Fortunately, it is the area of a triangle. The base of the triangle is t and the height is v = 2t. The area agrees with ƒ(t):
area = ½(base)(height) = ½(t)(2t) = t². (4)
EXAMPLE 1 The graphs are shifted in time. The car doesn't start until t = 1. Therefore v=0 and ƒ=0 up to that time. After the car starts we have v = 2(t−1) and ƒ = (t−1)². You see how the time delay of 1 enters the formulas. Figure 1.13 shows how it affects the graphs.
[Fig. 1.13]
EXAMPLE 2 The acceleration changes from 2 to another constant a. The velocity changes from v = 2t to v = at. The acceleration is the slope of the velocity curve! The distance is also proportional to a, but notice the factor ½:
acceleration a ⇔ velocity v = at ⇔ distance ƒ = ½at².
If a equals 1, then v = t and ƒ = ½t². That is one of the most famous pairs in calculus. If a equals the gravitational constant g, then v = gt is the velocity of a falling body. The speed doesn't depend on the mass (tested by Galileo at the Leaning Tower of Pisa). Maybe he saw the distance ƒ = ½gt² more easily than the speed v = gt. Anyway, this is the most famous pair in physics.
EXAMPLE 3 Suppose ƒ(t) = 3t + t². The average velocity from t to t + h is
vave = {ƒ(t+h) − ƒ(t)} ⁄ h = {3(t+h) + (t+h)² − 3t − t²} ⁄ h.
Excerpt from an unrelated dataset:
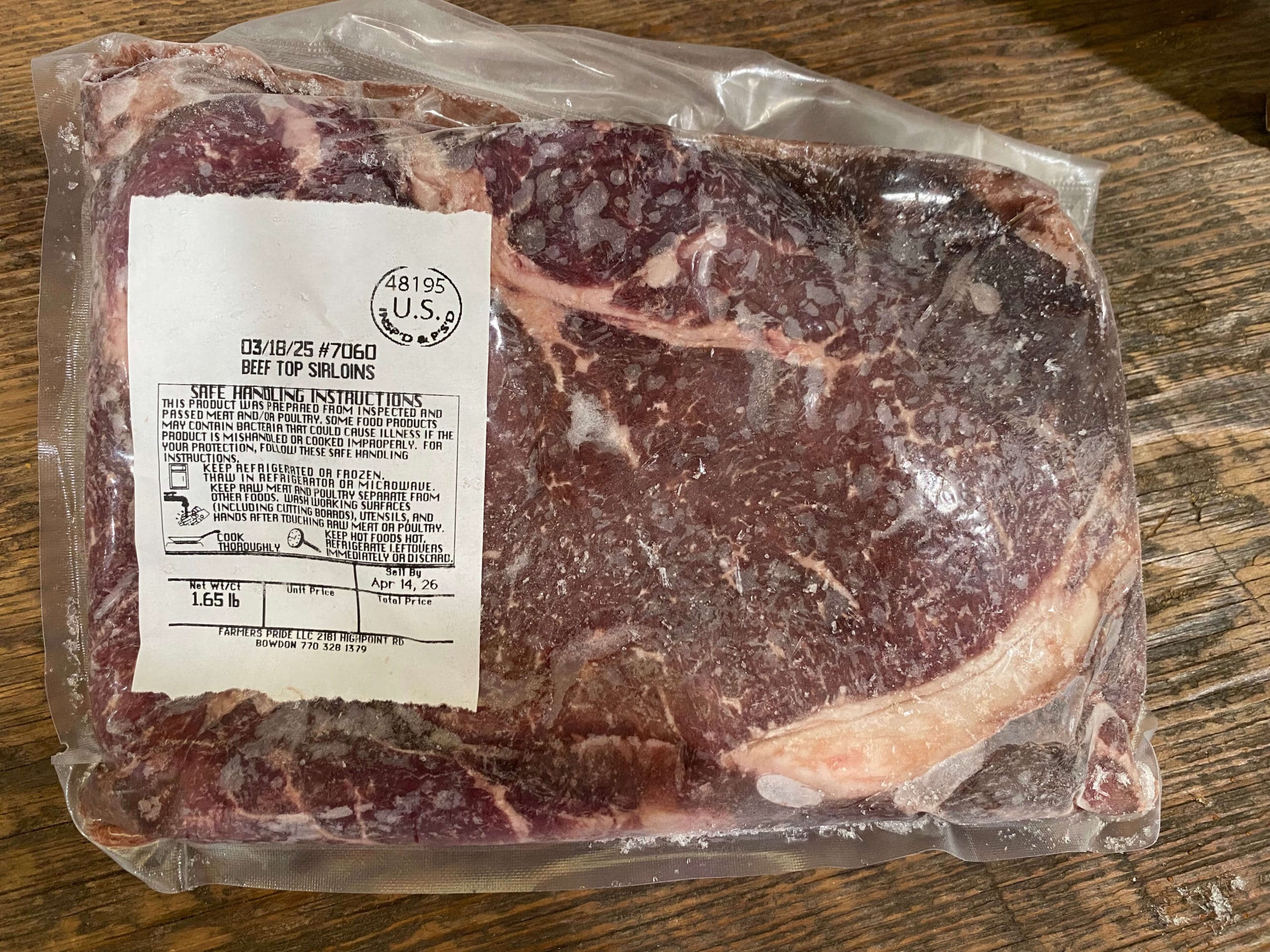 Premium grass-fed, grain-finished top sirloin steak from Blended Pastures Farmstead—tender, flavorful, and perfect for grilling.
The change in distance has an extra 3h (coming from 3(t+h) minus 3t). The velocity contains an additional 3 (coming from 3h divided by h). When 3t is added to the distance, 3 is added to the velocity. If Galileo had thrown a weight instead of dropping it, the starting velocity v0 would have added v0t to the distance.
The idea of slope is not difficult—for one straight line. Divide the change in ƒ by the change in t. In Chapter 2, divide the change in y by the change in x. Experience shows that the hard part is to see what happens to the slope as the line moves.
Figure 1.14a shows the line between points A and B on the curve. This is a "secant line." Its slope is an average velocity. What calculus does is to bring that point B down the curve toward A.
[Fig. 1.14]
Question 1 What happens to the "change in ƒ"—the height of B above A?
Answer The change in ƒ decreases to zero. So does the change in t.
Question 2 As B approaches A, does the slope of the line increase or decrease?
Answer I am not going to answer that question. It is too important. Draw another secant line with B closer to A. Compare the slopes.
This question was created by Steve Monk at the University of Washington—where 57% of the class gave the right answer. Probably 97% would have found the right slope from a formula. Figure 1.14b shows the opposite problem. We know the velocity, not the distance. But calculus answers questions about both functions.
Question 3 Which car is going faster at time t = 3/4?
Answer Car C has higher speed. Car D has greater acceleration.
Question 4 If the cars start together, is D catching up to C at the end? Between t = ½ and t = 1, do the cars get closer or further apart?
Answer This time more than half the class got it wrong. You won't but you can see why they did. You have to look at the speed graph and imagine the distance graph. When car C is going faster, the distance between them .
To repeat: The cars start together, but they don't finish together. They reach the same speed at t = 1, not the same distance. Car C went faster. You really should draw their distance graphs, to see how they bend.
These problems help to emphasize one more point. Finding the speed (or slope) is entirely different from finding the distance (or area):
A short record of distance is enough to recover v(t). Point B moves toward point A. The problem of slope is local—the speed is completely decided by ƒ(t) near point A.
In contrast, a short record of speed is not enough to recover the total distance. We have to know what the mileage was earlier. Otherwise we can only know the increase in mileage, not the total.